Anlass der Stiftsschule Einsiedeln
Anlass der Stiftsschule Einsiedeln

Welche Posts laufen besonders gut?

Fässler: Schöne Aufnahmen vom Klostergebäude oder von Teilen davon. Ganz oben auf der Beliebtheitsskala steht beispielsweise ein Bild, auf dem ein Regenbogen zu sehen ist – und dessen Ende direkt auf die Klosterkirche zeigt. Aber auch spannende Einblicke in unerwartete Momente im Klosterleben bekommen viele Likes: etwa ein spontaner Schnappschuss von einer kleinen Schneeballschlacht unter Mitbrüdern.
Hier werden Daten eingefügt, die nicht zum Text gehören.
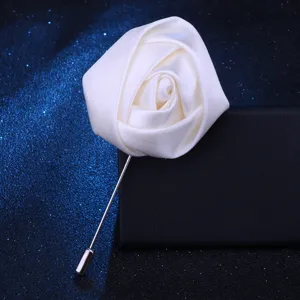 Nahaufnahme Detail der weißen Stoffrosen Blume Reversnadel mit langer silberner Nadel.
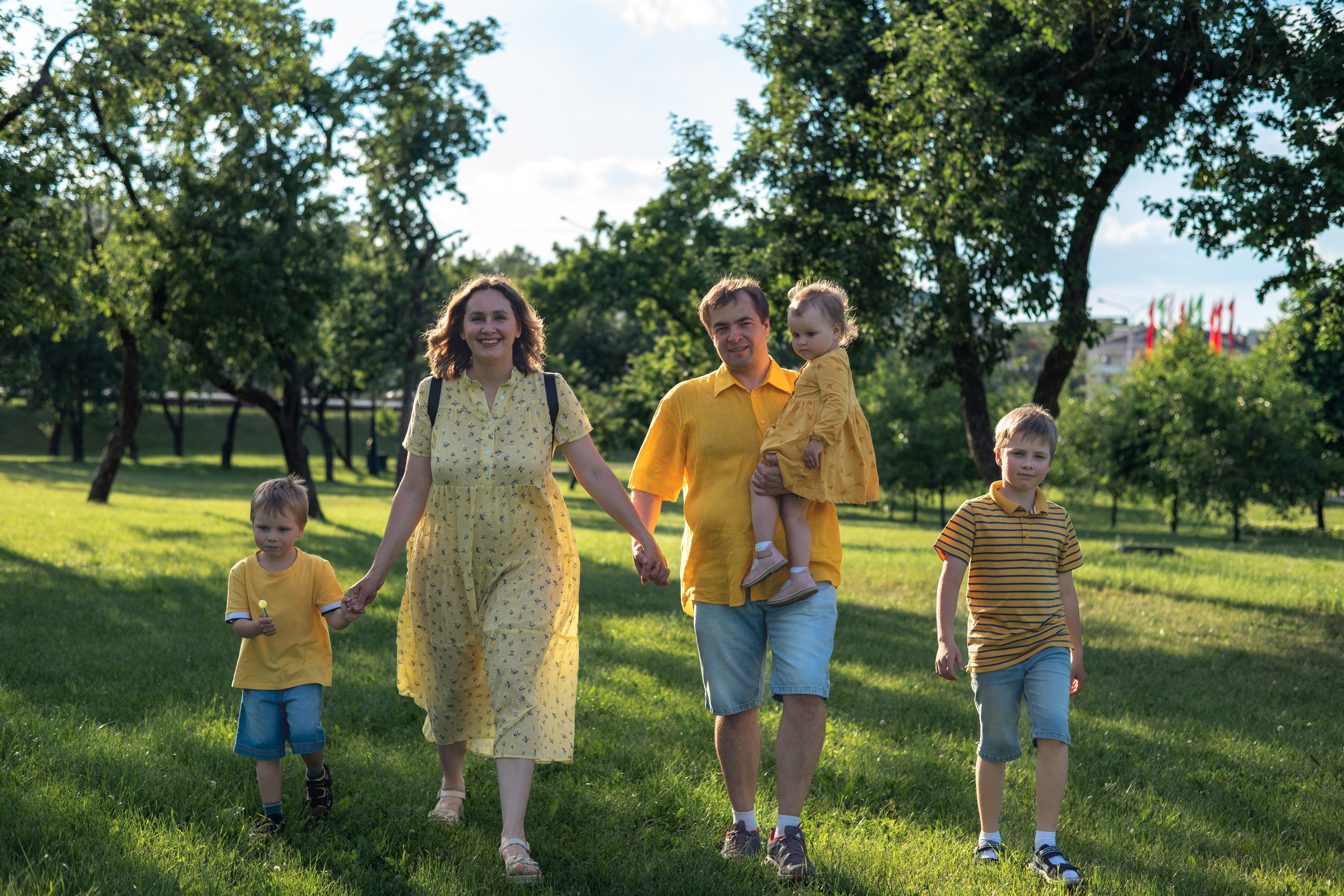 Максим, Алеся и их дети (Кирим, Федя и Зоя). Профессиональный интерьерный и репортажный фотограф Минск и РБ. Максим Орлов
Welcher Post hat am meisten Likes erhalten?

Fässler: Eine Drohnenaufnahme von der Schuljahresschlussfeier unserer Stiftsschule diesen Sommer. Coronabedingt hat sie auf dem Klosterplatz stattgefunden – mit ausreichendem Abstand zwischen allen 350 Schülerinnen und Schülern. Das sieht aus wie auf einem Schachbrett. Das Bild hat knapp 1100 Likes.

Ist Instagram nur Marketing – oder auch eine Dialogform?

Fässler: Es gibt Institutionen, die stolz darauf sind, viele Followers zu haben, während sie selbst kaum jemandem folgen, wenn überhaupt. Ich selbst sehe diese Plattform nicht als Einweg-Kommunikationskanal, sodass wir viele Leute zurückfolgen und je nach Möglichkeit auch mit ihnen interagieren, etwa jemanden beglückwünschen zu einem Abschluss.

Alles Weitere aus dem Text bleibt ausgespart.